Your task:
As soon as the line containing "Protector de aluminio" appears in the material below, start returning lines exactly, and end with the line containing "Little Seeds Rowan".

Input for this task:
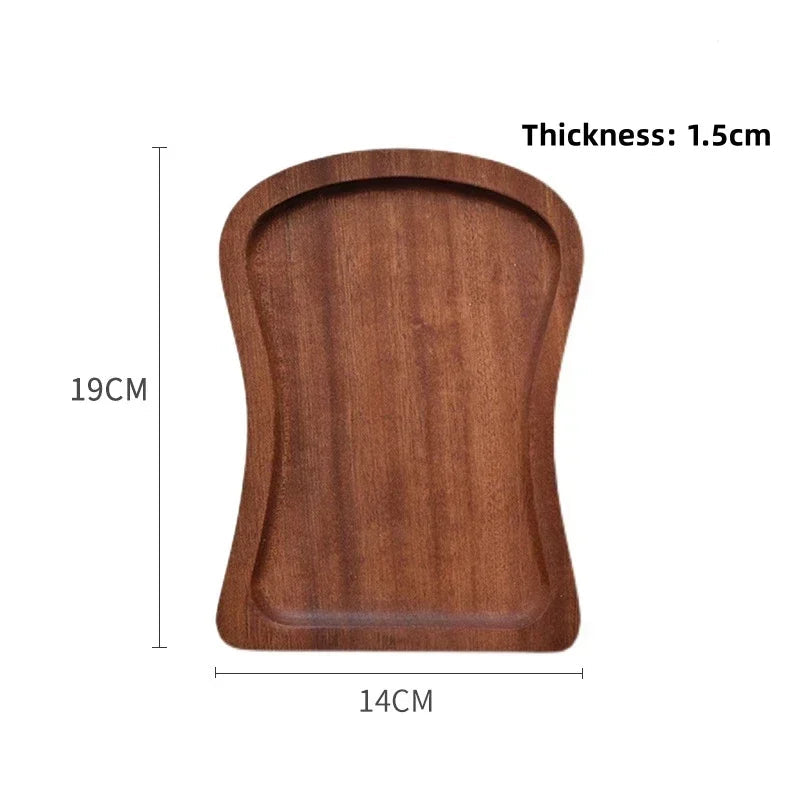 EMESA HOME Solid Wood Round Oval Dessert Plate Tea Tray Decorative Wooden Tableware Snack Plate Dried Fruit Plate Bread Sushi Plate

==

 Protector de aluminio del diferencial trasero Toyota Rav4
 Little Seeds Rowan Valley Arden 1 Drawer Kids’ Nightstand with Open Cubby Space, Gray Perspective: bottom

Output of the exercise:
 Protector de aluminio del diferencial trasero Toyota Rav4
 Little Seeds Rowan Valley Arden 1 Drawer Kids’ Nightstand with Open Cubby Space, Gray Perspective: bottom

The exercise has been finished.